Find the line below with "There's a partially" and the line with "Brake assist technology". Output them and the lines between, exactly, but not the pictures.

PROVIDED RECORDS:

---

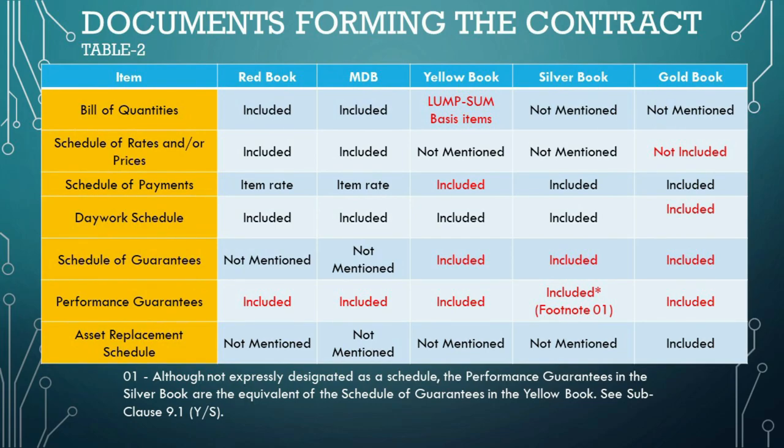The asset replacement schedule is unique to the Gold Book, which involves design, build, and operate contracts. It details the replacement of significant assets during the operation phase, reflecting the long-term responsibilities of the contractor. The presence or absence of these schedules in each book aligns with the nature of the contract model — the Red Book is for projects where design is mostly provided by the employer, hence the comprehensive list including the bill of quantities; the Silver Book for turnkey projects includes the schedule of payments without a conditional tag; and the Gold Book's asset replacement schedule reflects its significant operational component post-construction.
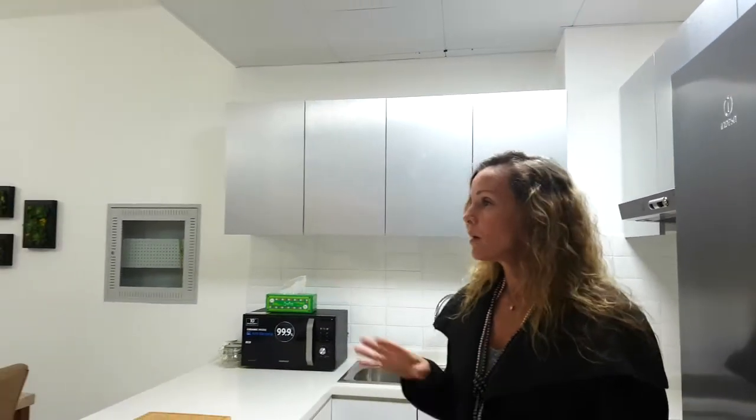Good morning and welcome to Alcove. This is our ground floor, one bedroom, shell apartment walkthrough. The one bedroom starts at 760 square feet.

---

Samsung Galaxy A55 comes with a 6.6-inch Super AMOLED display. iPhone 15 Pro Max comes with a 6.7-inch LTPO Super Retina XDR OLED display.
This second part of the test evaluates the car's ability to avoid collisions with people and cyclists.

---

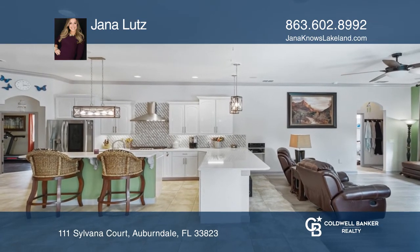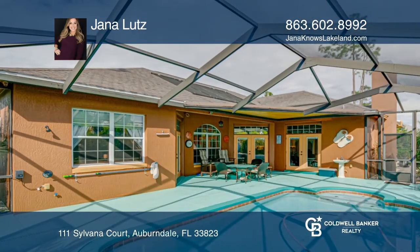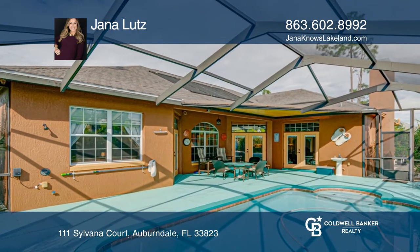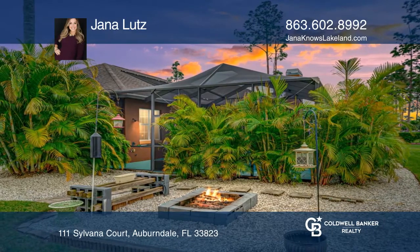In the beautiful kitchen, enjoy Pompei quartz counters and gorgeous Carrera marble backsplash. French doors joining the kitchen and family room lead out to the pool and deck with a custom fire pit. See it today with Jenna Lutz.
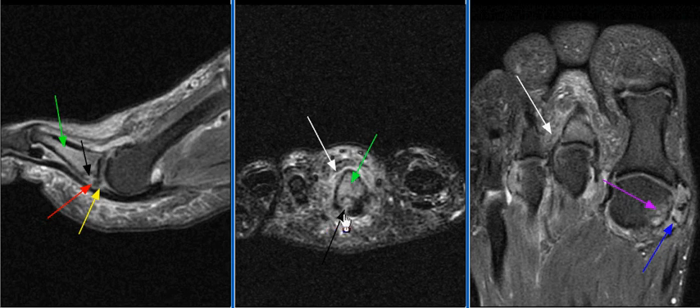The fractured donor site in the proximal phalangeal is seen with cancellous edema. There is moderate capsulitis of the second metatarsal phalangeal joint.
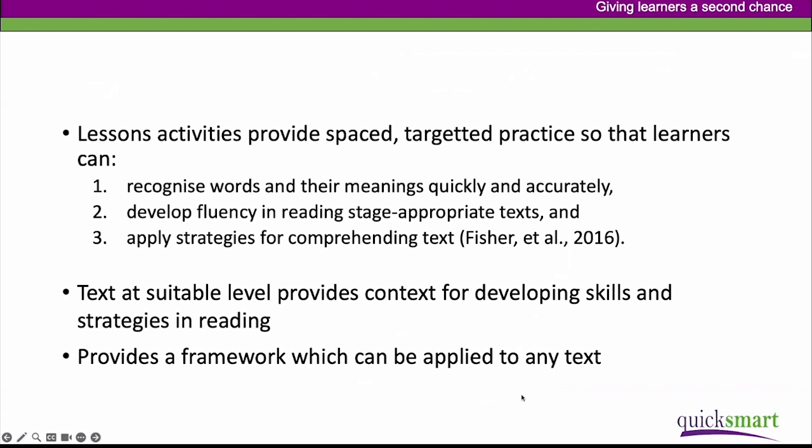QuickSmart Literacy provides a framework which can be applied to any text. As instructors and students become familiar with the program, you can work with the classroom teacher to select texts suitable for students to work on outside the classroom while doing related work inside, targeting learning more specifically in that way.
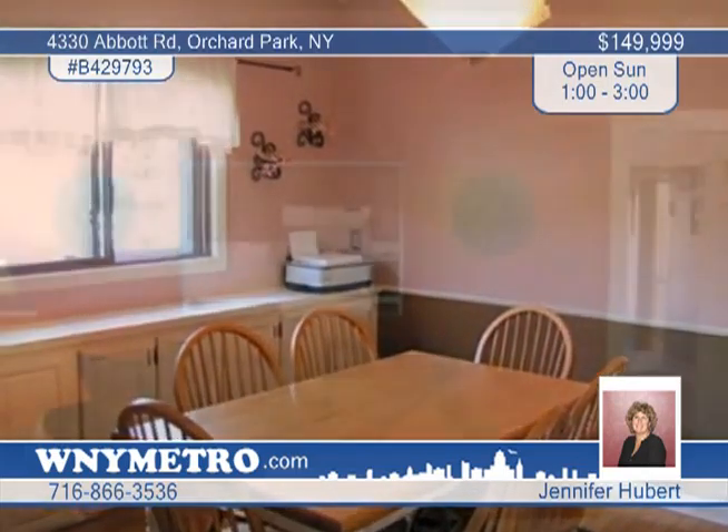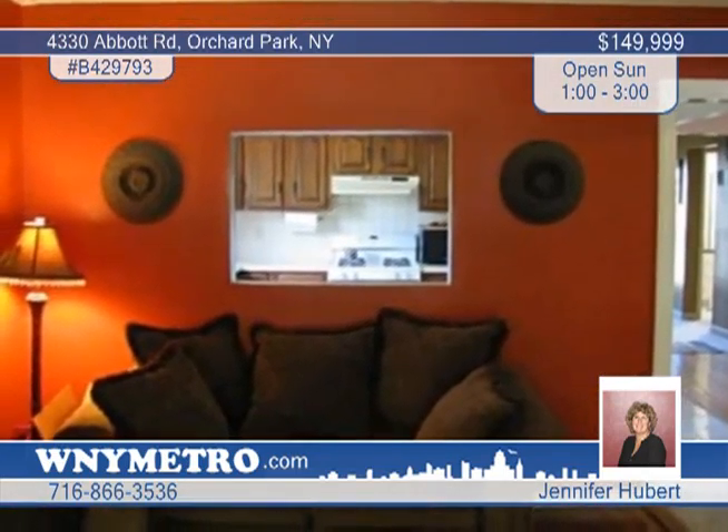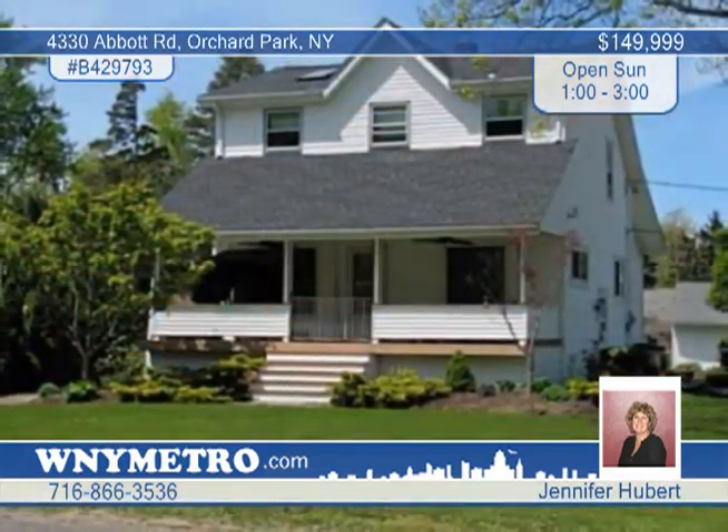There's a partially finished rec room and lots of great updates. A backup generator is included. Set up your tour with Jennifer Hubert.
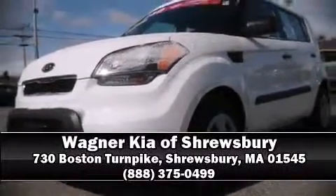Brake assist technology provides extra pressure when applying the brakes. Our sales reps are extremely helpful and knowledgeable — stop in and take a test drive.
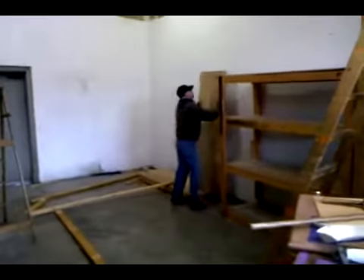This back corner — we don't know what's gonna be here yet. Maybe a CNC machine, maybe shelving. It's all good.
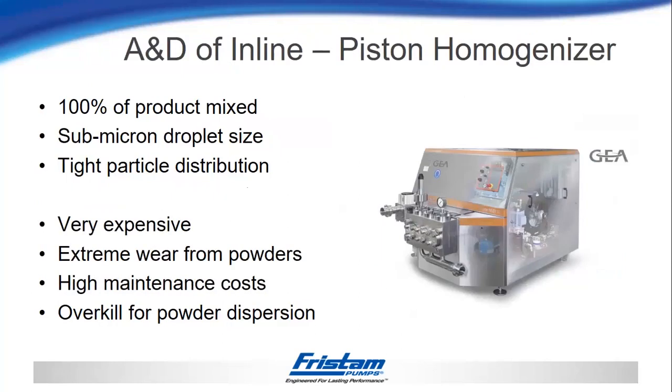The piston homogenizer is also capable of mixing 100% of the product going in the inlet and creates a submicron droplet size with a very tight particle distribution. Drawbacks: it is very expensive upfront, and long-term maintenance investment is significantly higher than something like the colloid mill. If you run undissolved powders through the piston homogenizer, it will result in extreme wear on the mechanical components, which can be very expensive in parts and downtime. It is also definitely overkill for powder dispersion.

---

COMPLETED TASK:
There's a partially finished rec room and lots of great updates. A backup generator is included. Set up your tour with Jennifer Hubert.
Brake assist technology provides extra pressure when applying the brakes. Our sales reps are extremely helpful and knowledgeable — stop in and take a test drive.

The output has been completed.